Tamara Jane Goldman
January 30, 2004 - March 24, 2004


Autopsy report


After a month of testing and examination of samples, the Medical Examiner has concluded that TJ died from pyelonephritis (kidney infection) and E. coli sepsis (bacteria in the blood, leading to shock). The baby also showed inflammation of the urinary bladder, and there were small kidney abscesses, leading to the assumption that she had an ascending urinary tract infection. [Note: pediatricians I have spoken to believe the infection could have been hematogenous instead, originating from the gastrointestinal tract.] She had no congenital abnormalities. How she became infected remains a mystery, as we were very careful with her hygiene. Why or how her distress at breastfeeding that night led to the fatal moment also remains a mystery, although we cannot exclude that it was a coincidence.

So this is not SIDS after all.

The Patent Ductus Arteriosis (PDA) that was found anatomically in the initial autopsy examination did not have anything to do with her death. The PDA was determined to be "non-functional", i.e., the blood vessel to the lungs was closed internally and there was no shunt of blood. The PDA finding was only external.

TJ did have a hepatitis B vaccination on Feb. 12th, about 6 weeks before her death. Unless the hepatitis B vaccination were contaminated with E. coli, it is unlikely that it was involved directly in her death. Whether there was an indirect involvement, for example, by altering her immune system in such a way that it became ineffective in dealing with the bacterial infection, one can only speculate.

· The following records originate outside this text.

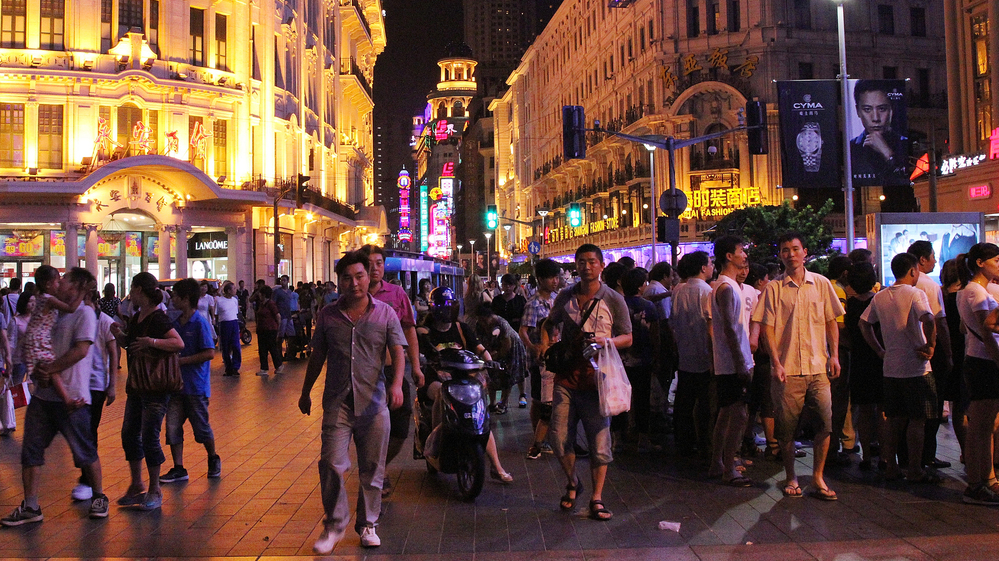 In 1999, Shanghai turned Nanjing Road, the city's most famous shopping area, into a walking street. On summer nights, thousands fill the street, surrounded by colonial architecture and riotous neon signs.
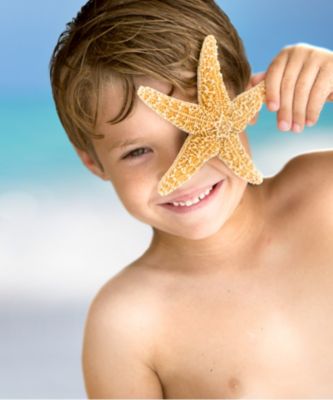 Boy holding up star fish to his face
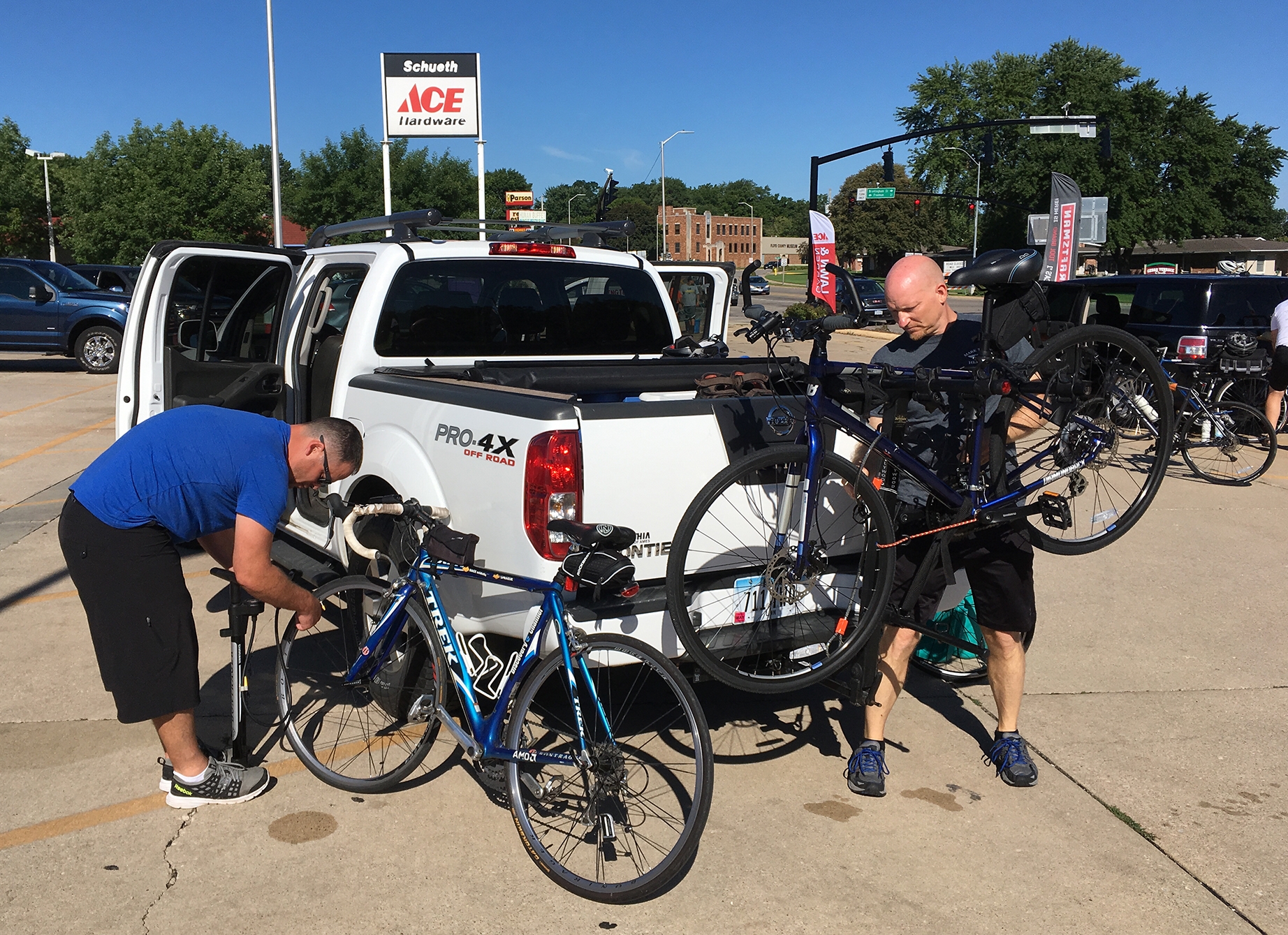  Jason Spangler and Pat Marlow prepare their bikes before departing Charles City. 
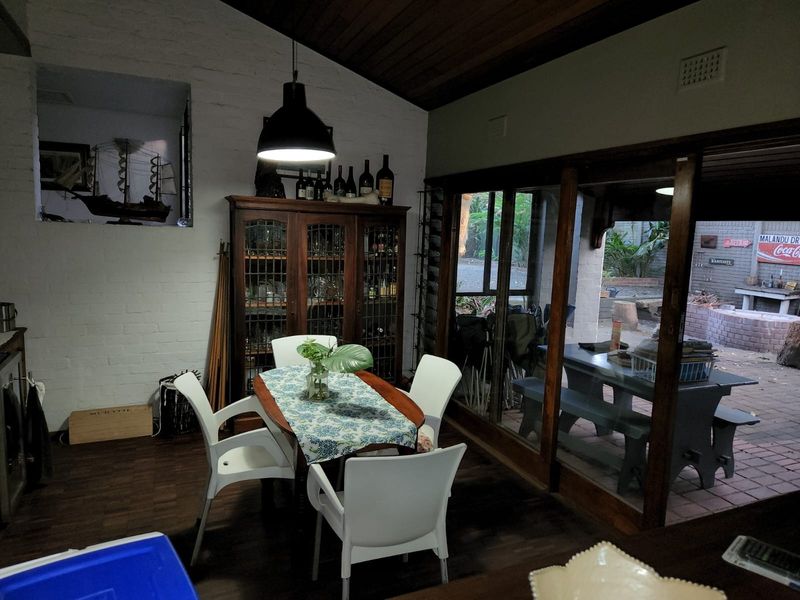 Dining area featuring exposed timber ceilings, painted brick walls, and large sliding glass doors providing direct access to the outdoor patio space.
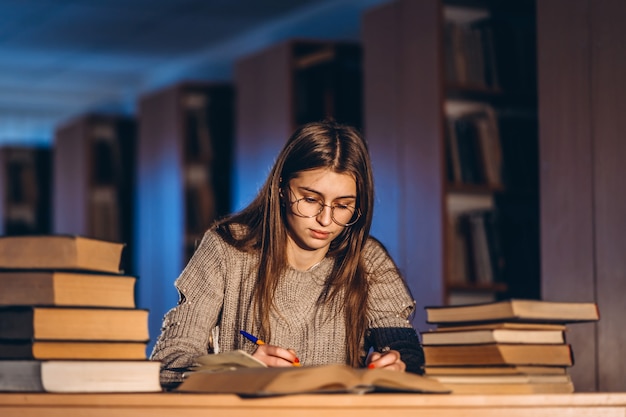 Joven estudiante en gafas de preparación para el examen. Niña en la noche se sienta a una mesa en la biblioteca con una pila de libros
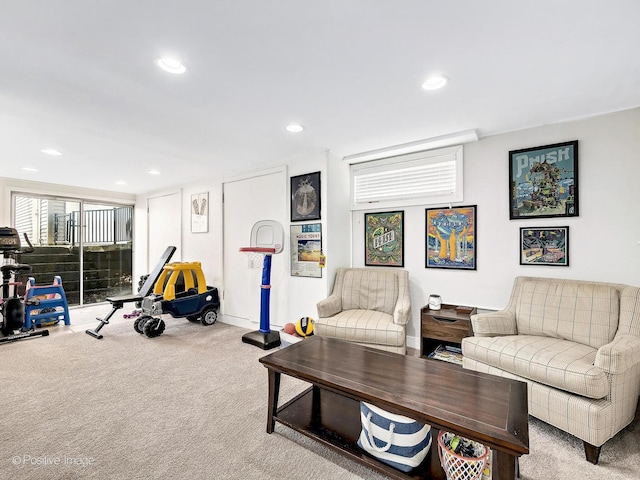 living area featuring recessed lighting and carpet flooring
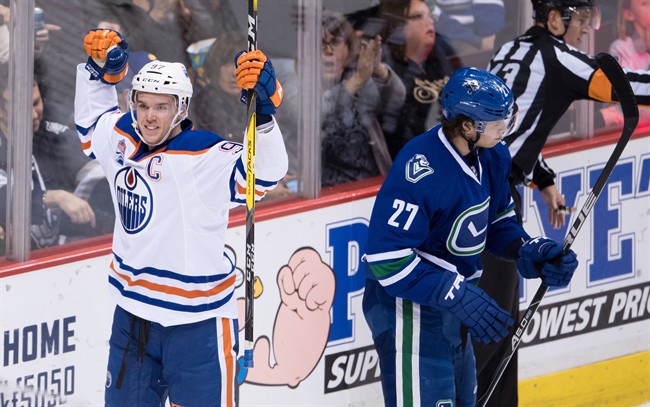 Edmonton Oilers' Connor McDavid, left, celebrates after scoring as Vancouver Canucks' Ben Hutton looks on during the second period of an NHL hockey game in Vancouver, B.C., on Friday October 28, 2016. 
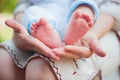 Mom holds the legs of a small child Royalty Free Stock Photo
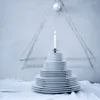 A stack of white plates arranged in a pyramid shape, topped with a lit candle in a silver holder. A Christmas tree shape is drawn on the wall behind, with a white ornament at the top. The scene is set on a white tablecloth. Produktbild-Vorschau
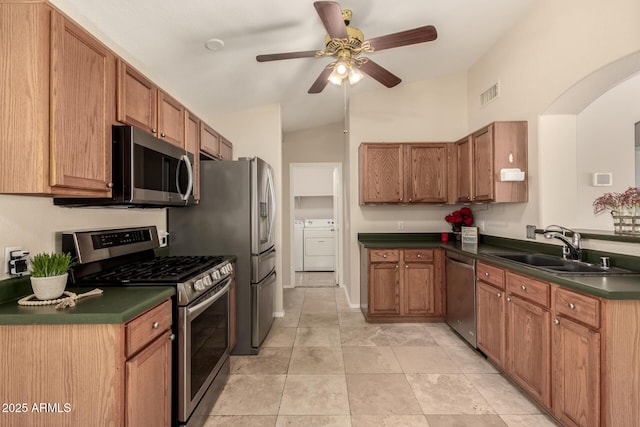 16288 W Hadley St, Goodyear, AZ 85338 - kitchen with appliances with stainless steel finishes, washing machine and dryer, dark countertops, and brown cabinetry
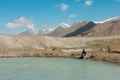 Kids fishing in a blue mountain river at the sunny morning with snow rocks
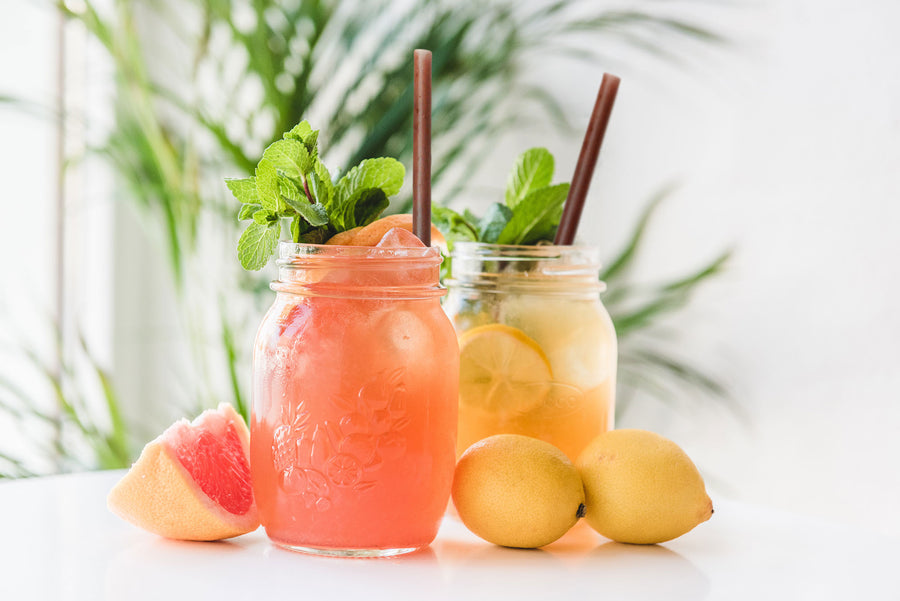 Product feature for agave straws. Two cups of fruit drinks with agave straws in both of them.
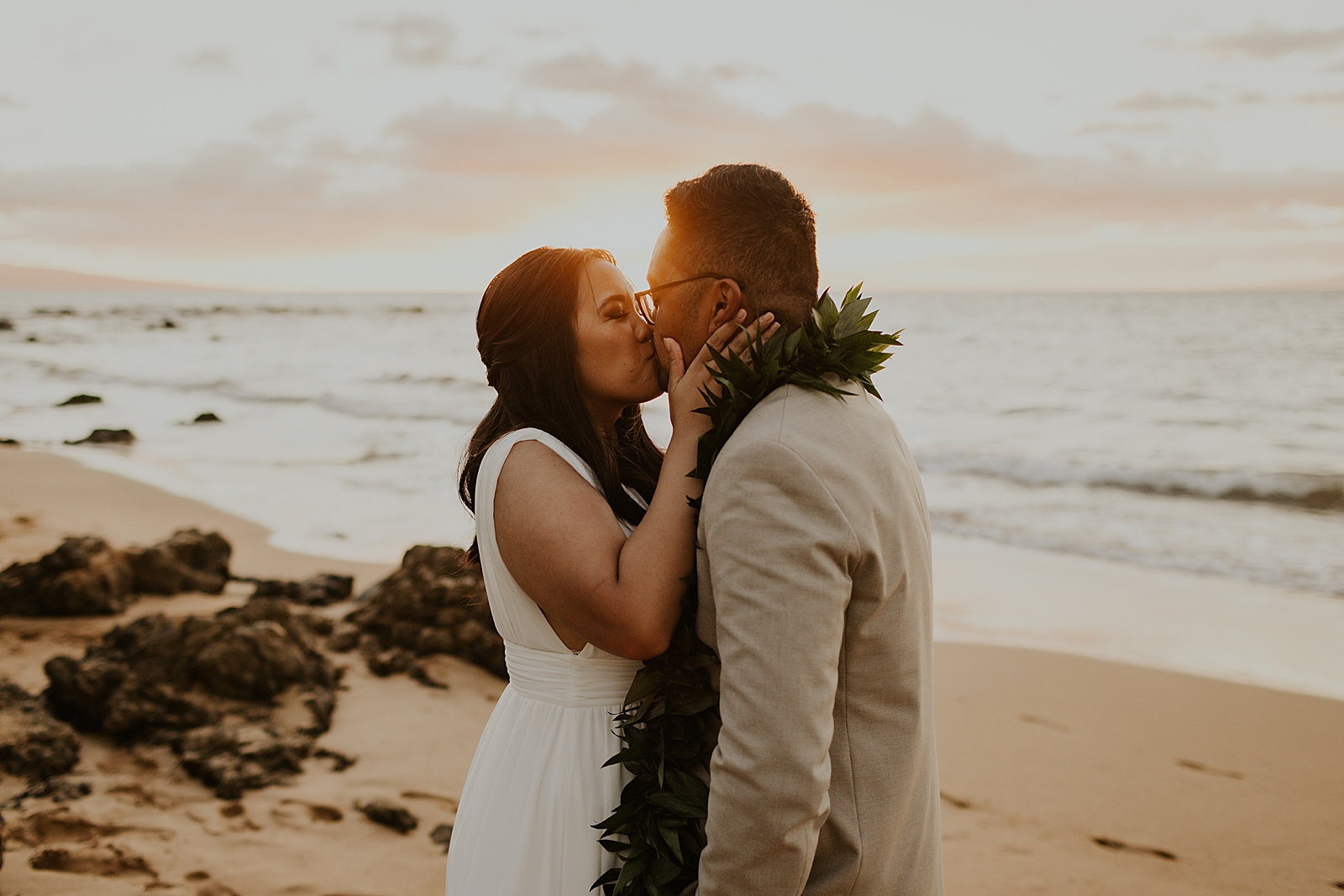 Bride and Groom kissing on the beach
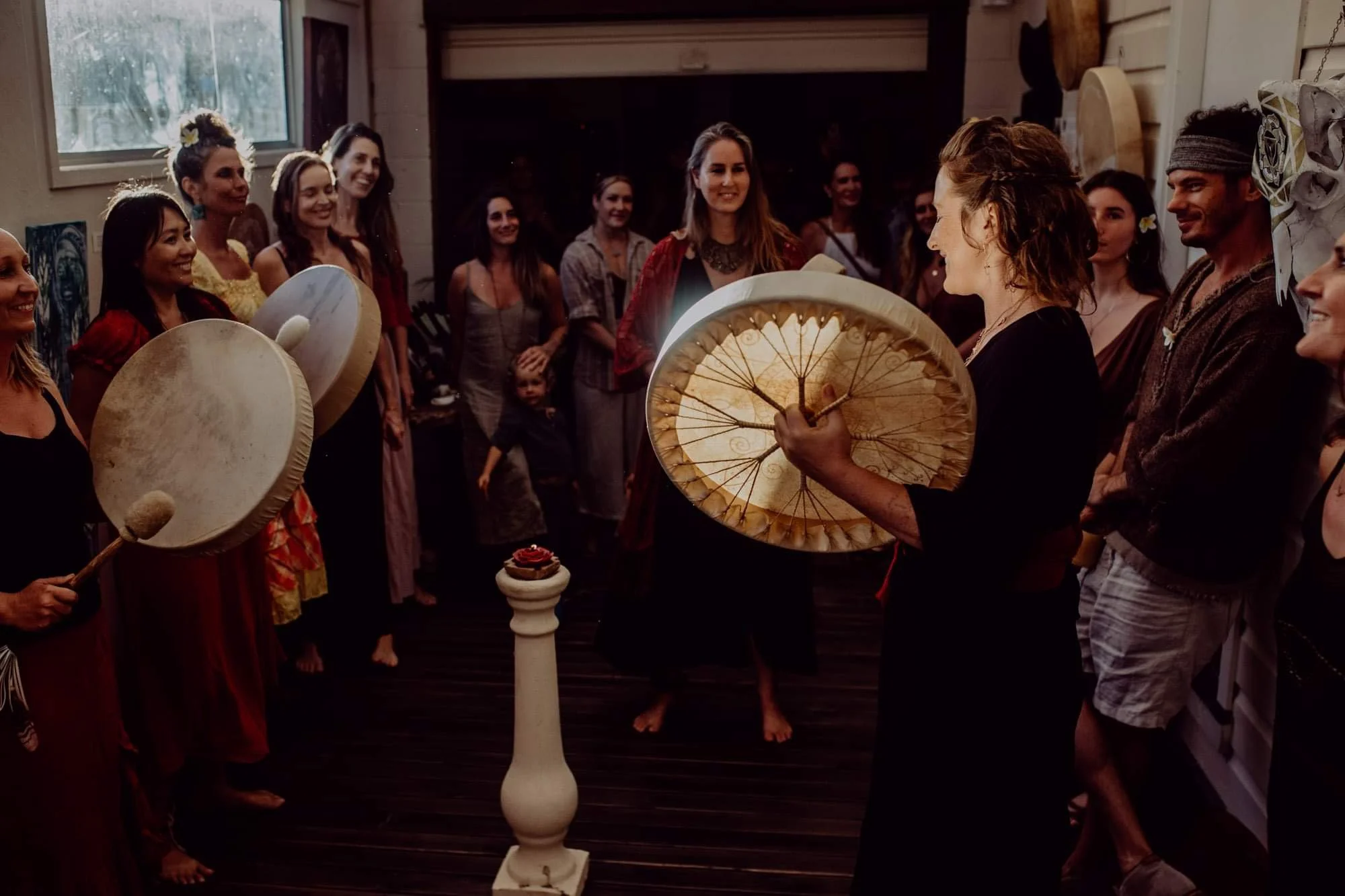 Group of people participating in a drum circle indoors, with some holding traditional hand drums and one woman holding a large umbrella-like object, in a cozy wooden room with a firewood stack and window.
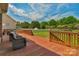 Wood deck features comfortable outdoor seating, beautiful landscaping, and expansive backyard at 9008 Skipaway Dr, Waxhaw, NC 28173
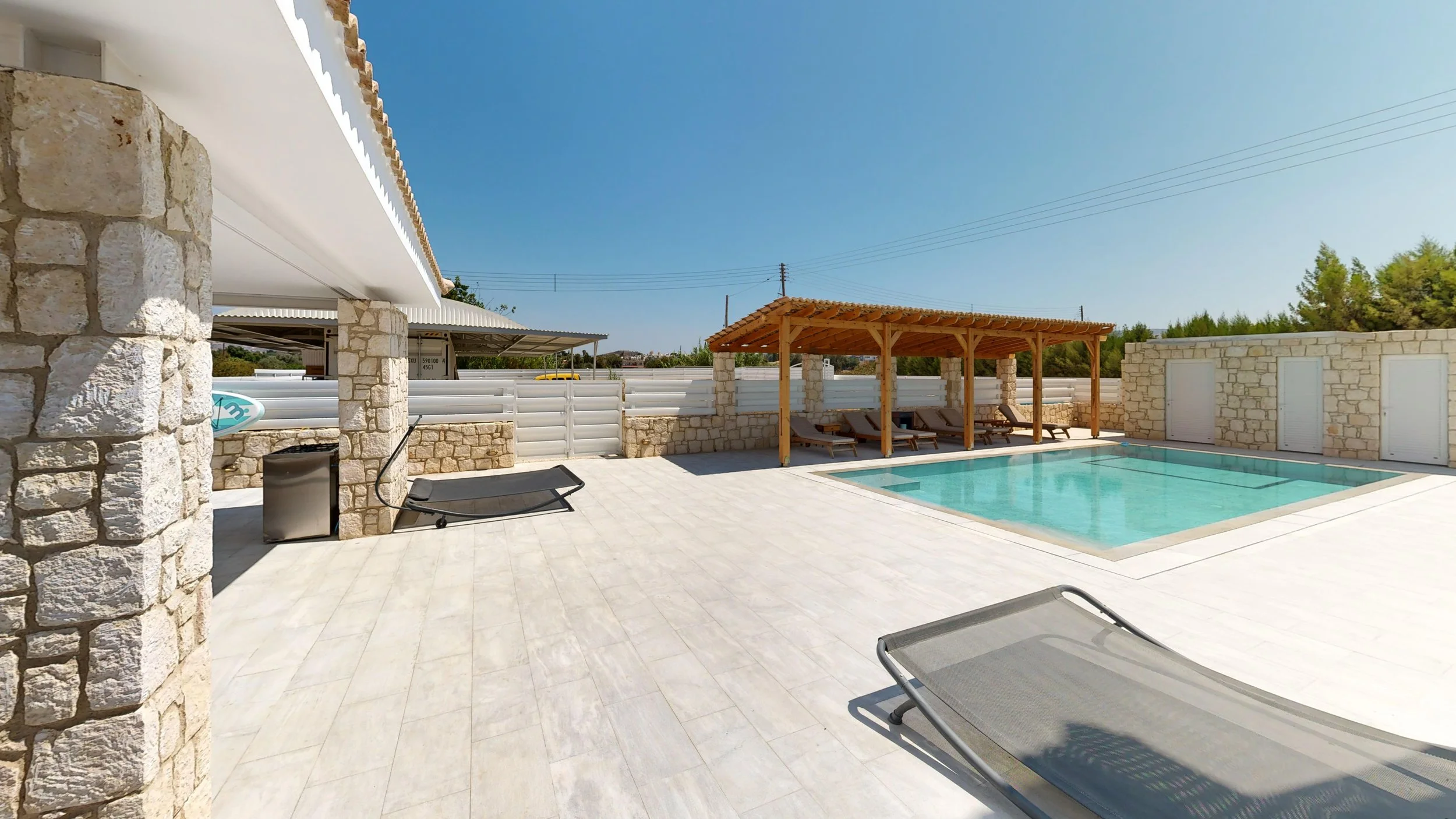 Exterior view of a swimming pool area with stone walls, a wooden shaded lounging area with chairs, and a clear blue sky.
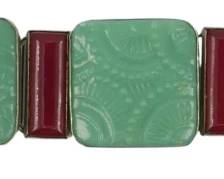 1901 - Pressed Glass Panel Bracelet Made in France (Description): Pressed glass panel bracelet made in France.  The bracelet features decorative pressed  glass panels with a clasp closure.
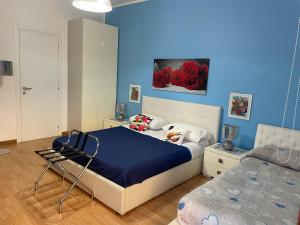 una camera da letto con un letto con una parete blu di Medea rooms palermo centro a Palermo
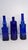 Mid-Century Modern Vintage Cobalt Blue Glass Bottle Vase Lot of 3 Decorative Embossed Glass 12" For Sale - Image 3 of 11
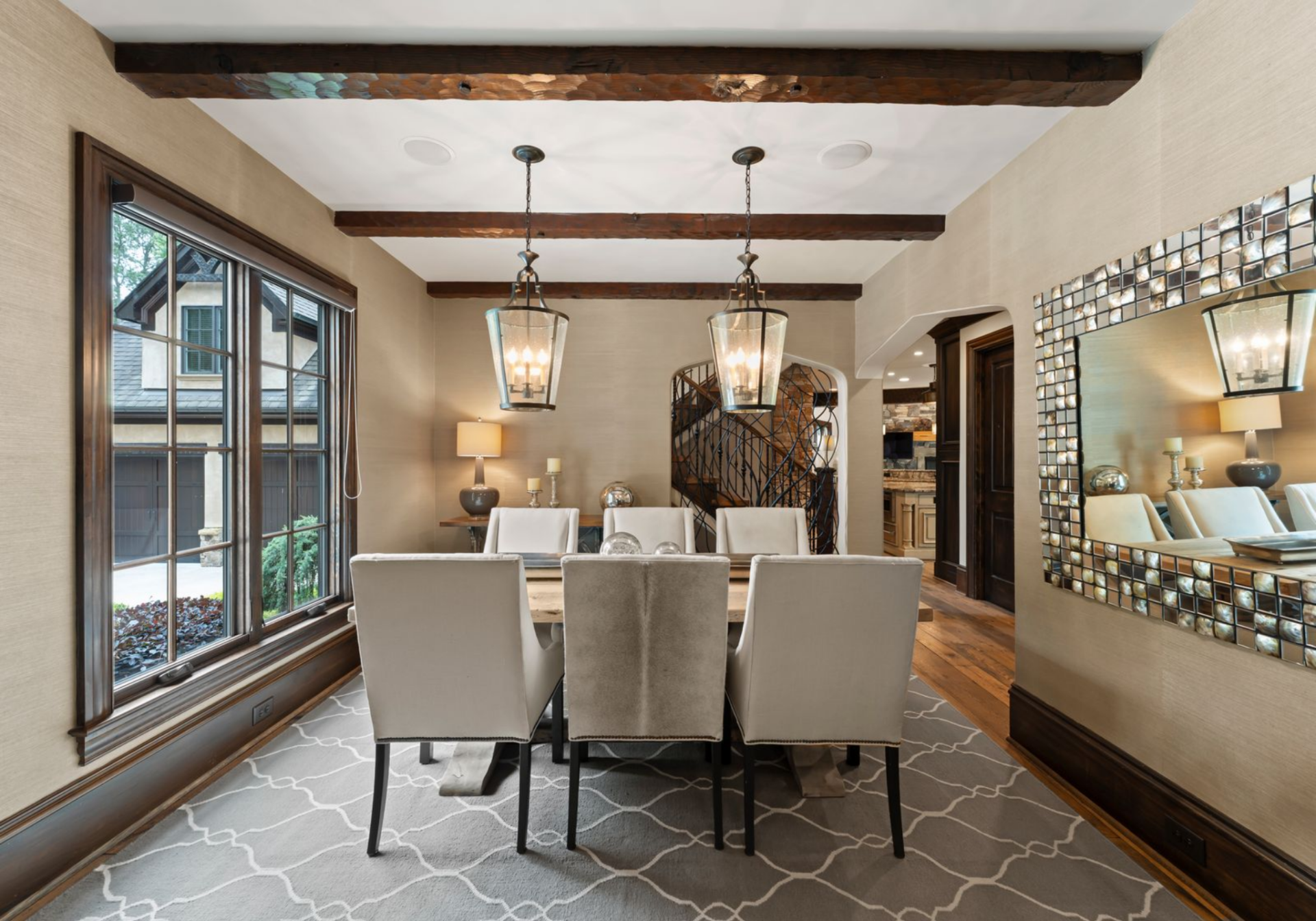 At the front of the house, the formal dining room has a more enclosed layout, with large windows, exposed ceiling beams, and lantern-style pendants over the table.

On the Friday before she died, I thought she had a stomach virus because she threw up (the only time she ever threw up that I knew of), and she cried a lot Friday and Saturday night, needing a lot of comforting, every half hour to an hour. Her cries were also weaker than normal. On Saturday, we measured her temperature under the armpit (she hated that), and got a reading of 100 F. By Sunday night, her cries had resumed their normal volume, and she went back to her normal sleep patterns, 4-5 hours starting 10 or 11 PM, then crying for a feeding, then another 3 hours sleep. I assumed she was on the mend. I continued to measure her temperature every day, switching to a forehead strip (she didn't like that too much either, but it was fast and I could get a reading before she objected too much). I validated the strip on myself: I read 99 F, and she read 100 F. She stayed at that temperature right up to the last measurement, on Wednesday early evening. She felt warm subjectively, but objectively it was only a low-grade fever, and I thought we could wait for her scheduled appointment with the pediatrician on Thursday. I will forever regret not taking her in to the doctor on Monday, though we'll never know if the pediatrician would have picked up that something was seriously wrong and ordered a blood culture.

Try, try again

Naomi, although still in severe depression, has courageously decided to try again to have a child, and we are fortunate that her hormone levels are encouraging that she might be successful.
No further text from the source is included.